*** AVAILABLE DATA ***
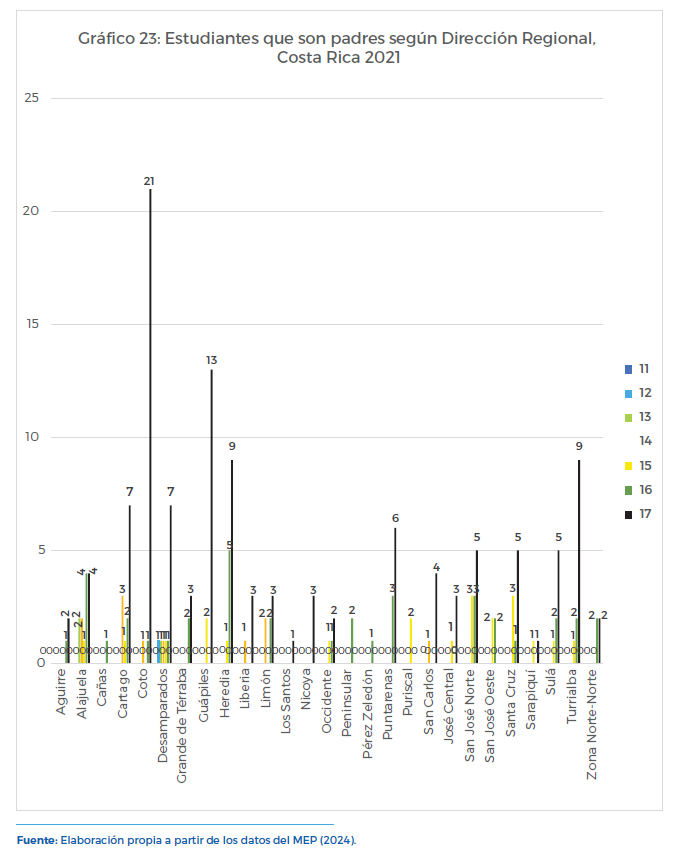 Gráfico 23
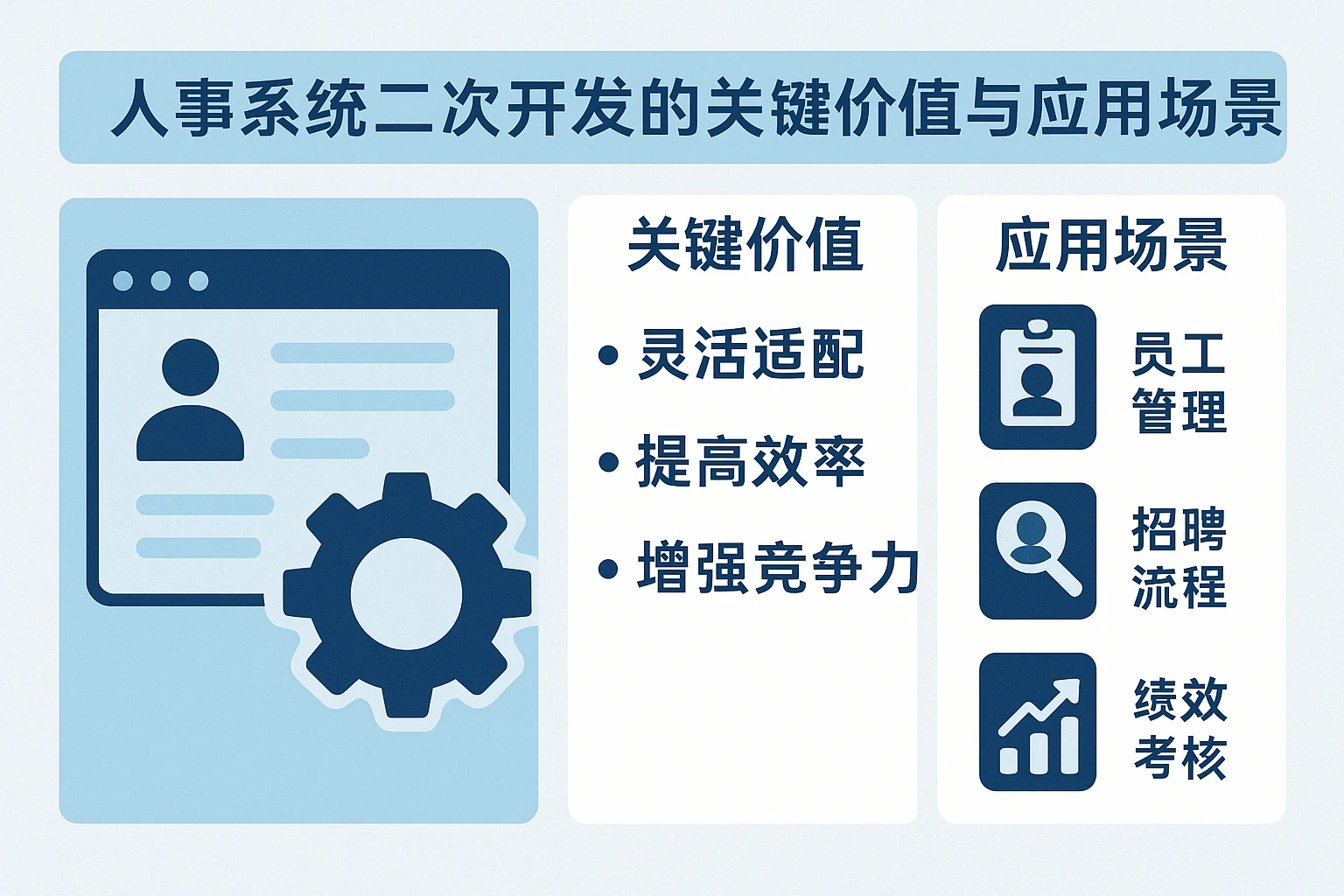 人事系统二次开发的关键价值与应用场景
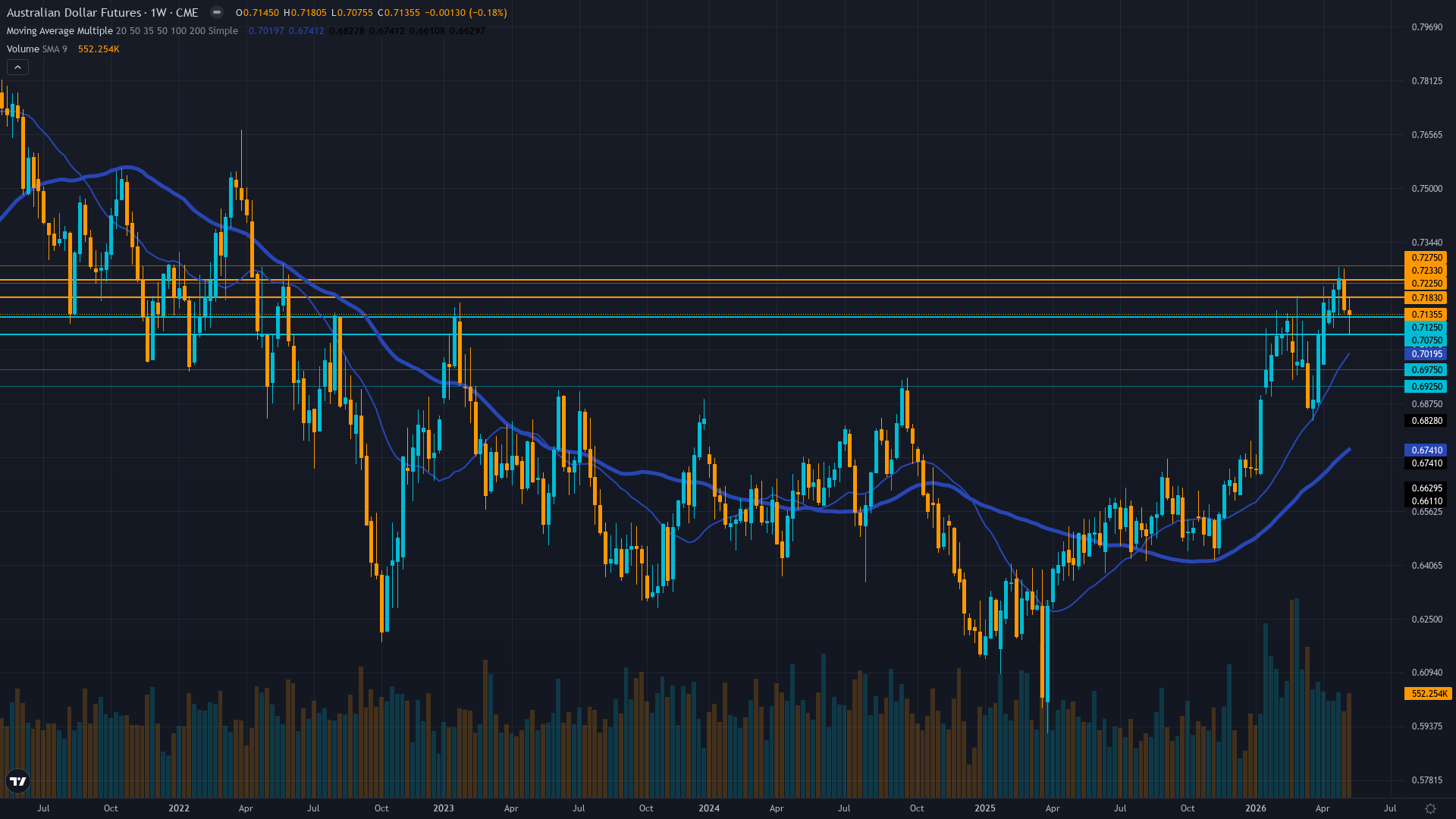 AUD/USD (6A) Weekly Chart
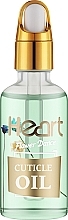 Олія для кутикули - Heart Germany Melony & Melody Cuticle Oil — фото N2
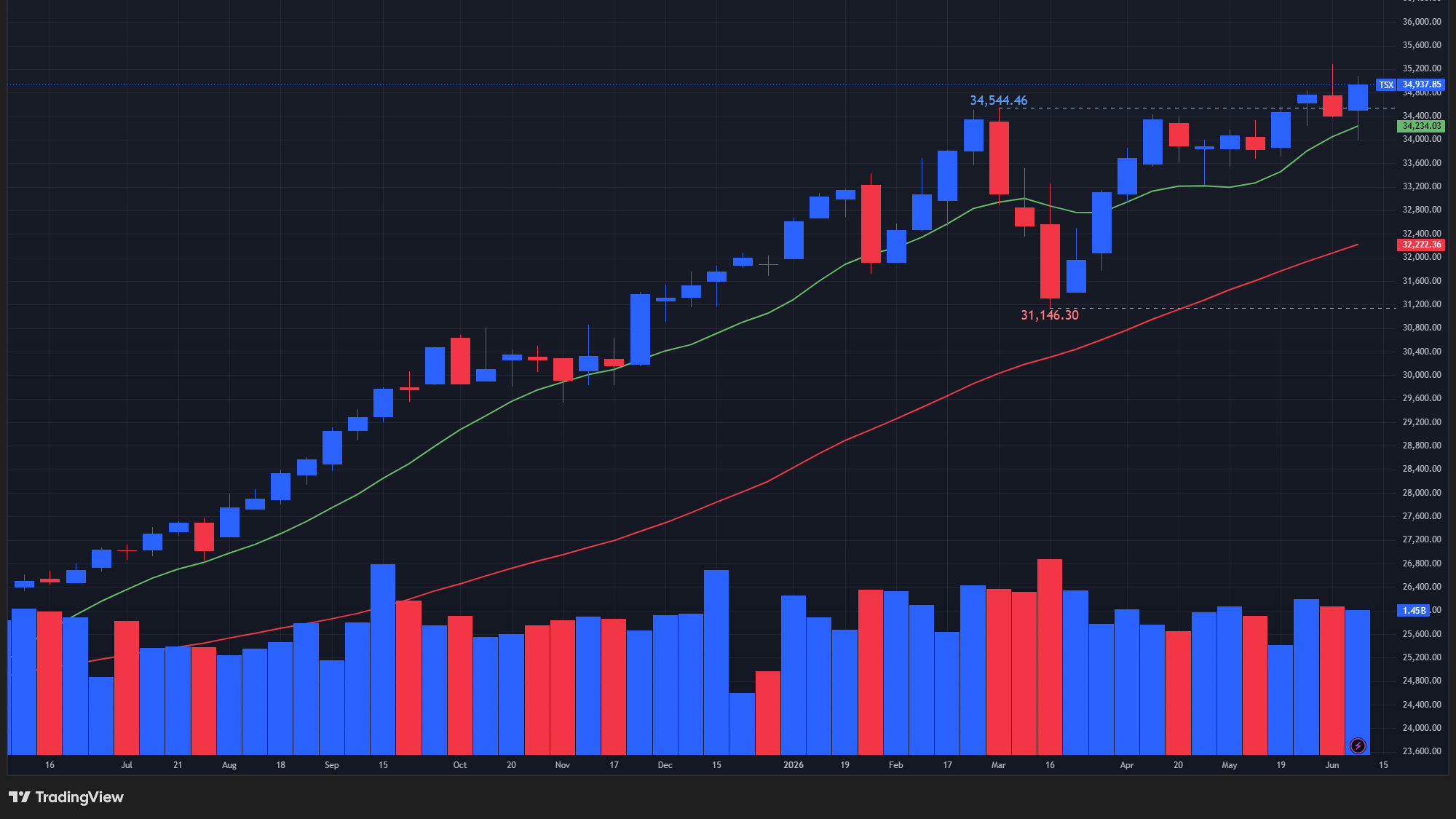 【TSX総合指数の週足チャート】　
*** End of AVAILABLE DATA ***
TASK DETAILS: Skip the pictures. Restate everything else in the records word for word.

WRITTEN REPLY:
 Gráfico 23
 人事系统二次开发的关键价值与应用场景
 AUD/USD (6A) Weekly Chart
 Олія для кутикули - Heart Germany Melony & Melody Cuticle Oil — фото N2
 【TSX総合指数の週足チャート】　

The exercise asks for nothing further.